A legal battle for academic freedom (or Jesuit values) in Wisconsin
It’s not often that a university buys Google advertisements to make its case in a lawsuit.
Yet that’s what the Catholic university in Milwaukee did ahead of next week’s oral arguments before the state’s highest court in a case that bears on academic freedom and due process.
John McAdams and a slew of academic-freedom groups are challenging Marquette’s indefinite, unpaid suspension of the conservative political science professor after he criticized a fellow instructor for refusing to let a student disagree with gay marriage in her classroom.
Marquette President Michael Lovell ordered McAdams to admit his “guilt” for blogging about the incident between Cheryl Abbate, at the time a graduate student instructor in philosophy, and a student in her undergraduate ethics class. He refused, and has been banned from campus for more than three years.
The administration and professor have continued arguing the case in the public square as the April 19 Wisconsin Supreme Court hearing nears. McAdams went so far as to describe Marquette’s demands of him as “Stalinist stuff” in a recent Fox News interview.
“It seems ironic because Marquette claims to be a Catholic institution,” but “a lot of institutions claim to be Catholic and fundamentally they’re secular,” he said on The Ingraham Angle.
“They told me that they would reinstate me if I apologized and promised to conform to Marquette’s supposed guiding values,” McAdams said. “No professor that anyone knows about has ever been fired or even suspended for a blog post.”
‘This Is Not About Academic Freedom Or Free Speech’
On Tuesday McAdams flagged the Google ad that pops up above the search results for “John McAdams marquette” on Google.
In the screenshot he showed (below), the ad text reads “McAdams vs. Marquette | Get the Facts.” Under that text is this statement: “This Is Not About Academic Freedom Or Free Speech, but [sic] A Professor’s Conduct.”
The search phrase returned at least two variations when The College Fix tried it Wednesday night: “Our Commitment” and “We Live By Our Guiding Values And Stand By Our Original Actions & Decisions,” and “Committed To Transparency” and “Get The Full Story From The Faculty Hearing Committee Report & Other Documents.”

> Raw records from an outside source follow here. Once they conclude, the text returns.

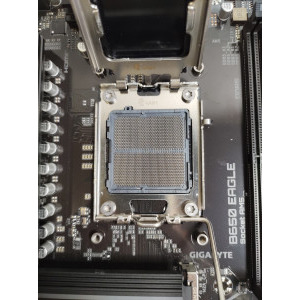 Placa de baza GIGABYTE B650 EAGLE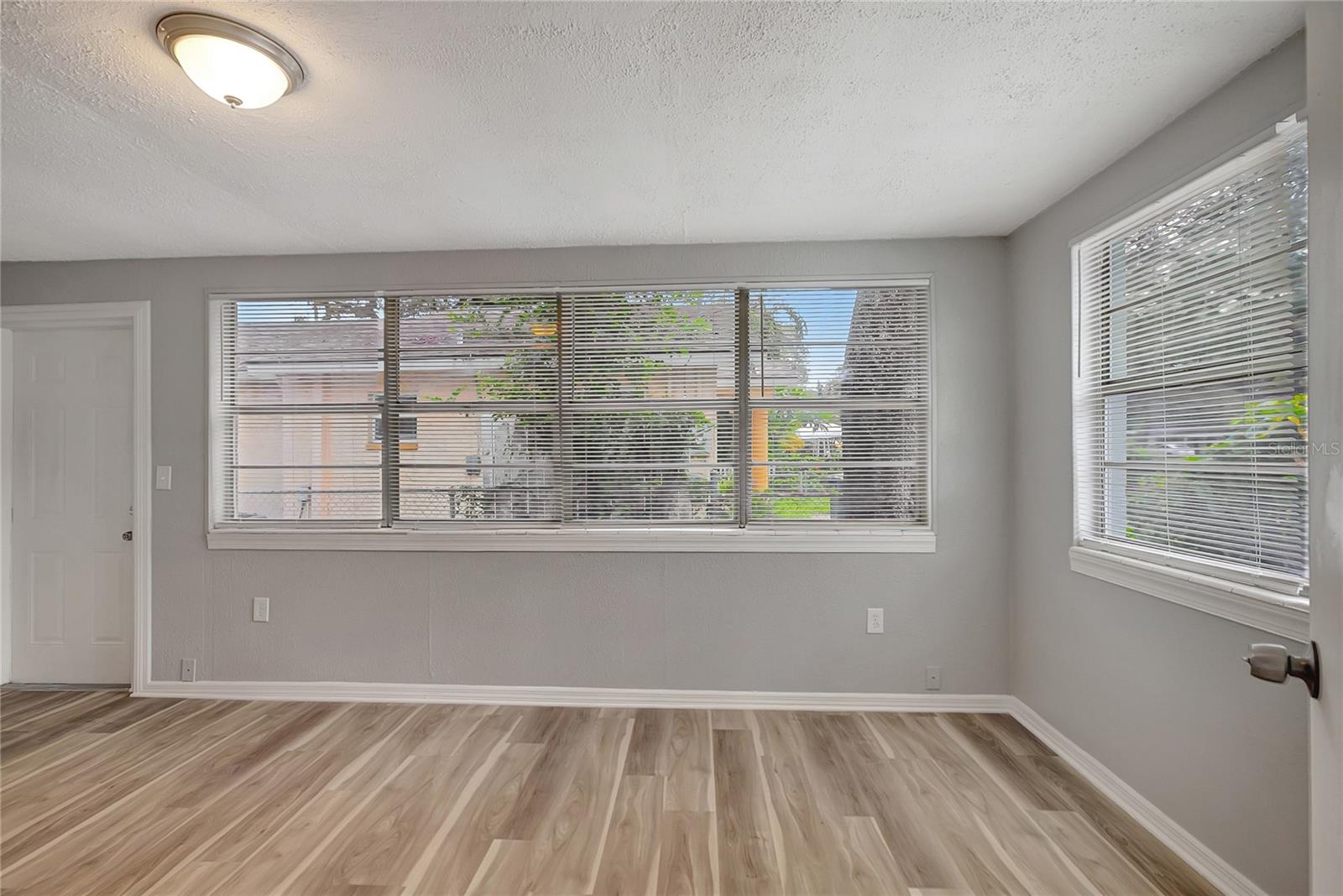 Image 14 of 33 For 8720 Dexter Avenue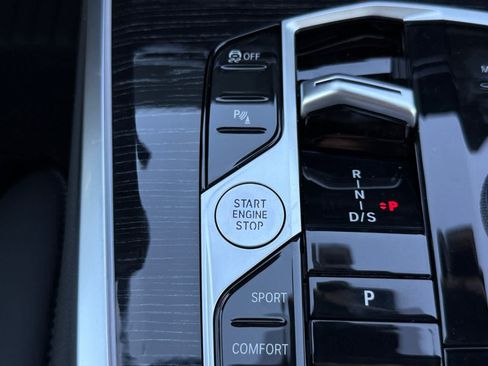 New 2026 BMW X5 xDrive40i AWD/4WD image 28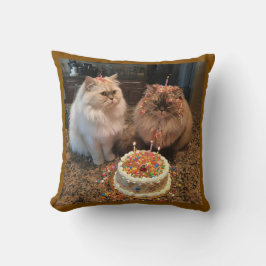 ¡Celebremos! Cojín decorativo de gatos de cumpleañ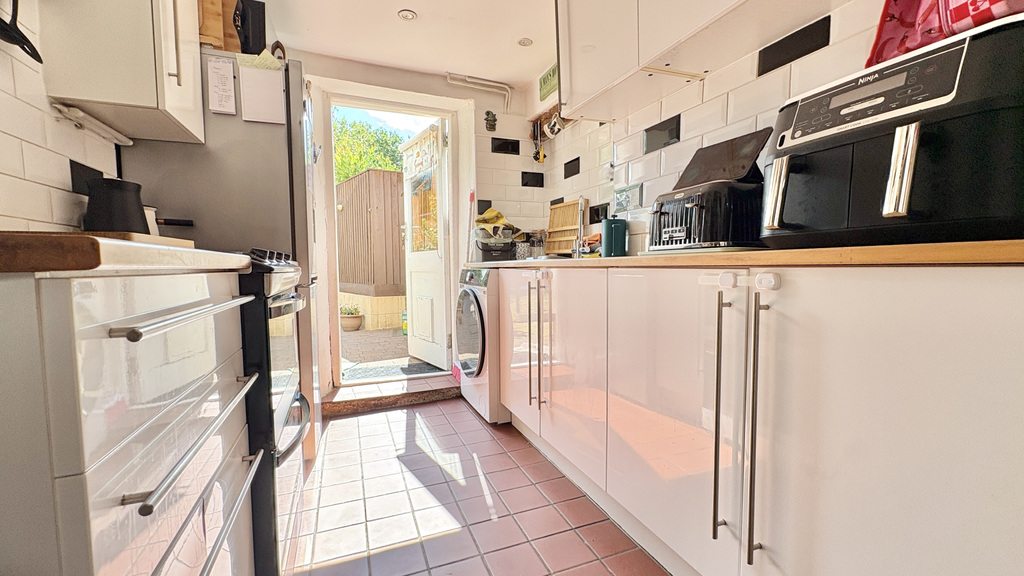 Rectory Road, Norton Fitzwarren, Taunton TA2 6SB, UK, photo 6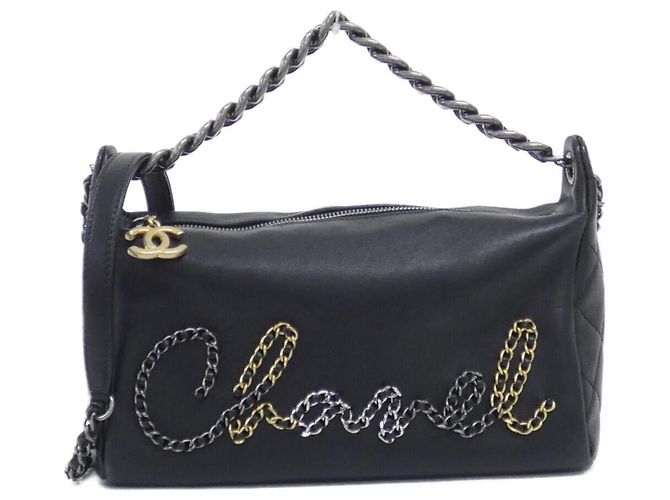 Bolsa Chanel em couro de bezerro preto
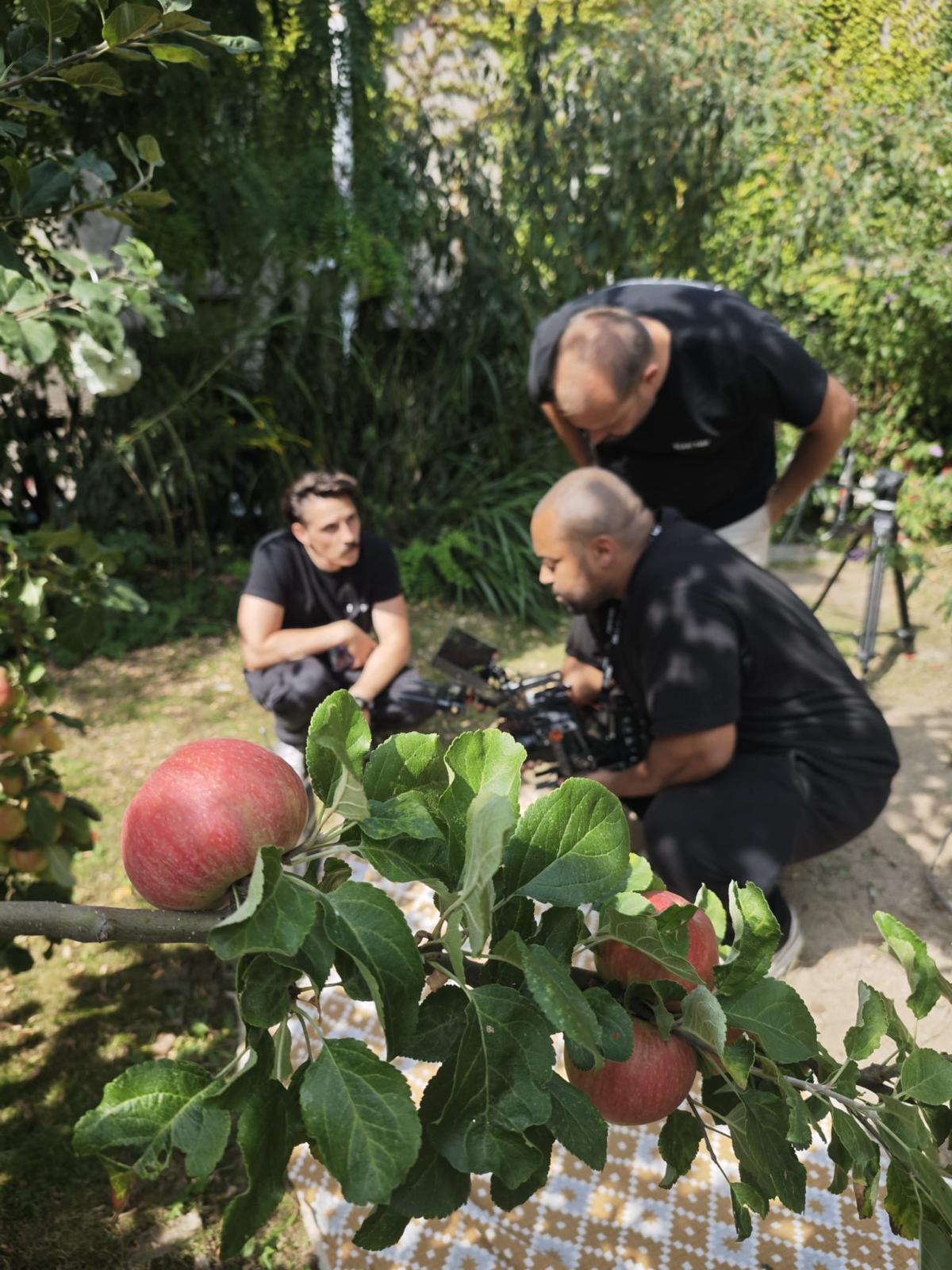 Crew bereitet den Mimose-Dreh im Garten vor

The ad links to a “facts” page about the case that claims McAdams violated the university’s mission to “care for the whole person” because he publicly criticized a graduate student:
We cannot and will not stand by when a professor needlessly and recklessly harms a student teacher by putting her name and contact information on the internet before a hostile audience without her permission. If John McAdams had written the exact blog post and omitted the student teacher’s name and contact information, no disciplinary action would have been taken.
It said McAdams violated his “professional responsibility” toward Abbate and placed her in the path of “direct, irreparable harm,” which “violated his contract.” The rest of the page contrasts each “myth” with a “fact” such as this: “John McAdams explored no option other than using his blog to dox a student teacher.”

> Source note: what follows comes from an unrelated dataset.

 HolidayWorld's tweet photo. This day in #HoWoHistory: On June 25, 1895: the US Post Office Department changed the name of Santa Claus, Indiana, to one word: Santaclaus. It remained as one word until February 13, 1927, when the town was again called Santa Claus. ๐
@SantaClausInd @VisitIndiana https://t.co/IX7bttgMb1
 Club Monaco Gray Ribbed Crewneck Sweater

McAdams came out swinging in his blog post, saying that such placement on Google “does not come cheap” and accusing Marquette of wasting “tuition money” as well as alumni donations by fighting him in court and on Google.
Marquette’s page is “biased and selective,” he said. It is “utterly libelous” to claim that McAdams “doxed” Abbate by linking to her blog post that blames “all men” for “the prevalence of rape,” since she listed her email address on her blog.
“Marquette, quite simply, is lying about this,” McAdams continued. He did not respond to a Wednesday email from The Fix.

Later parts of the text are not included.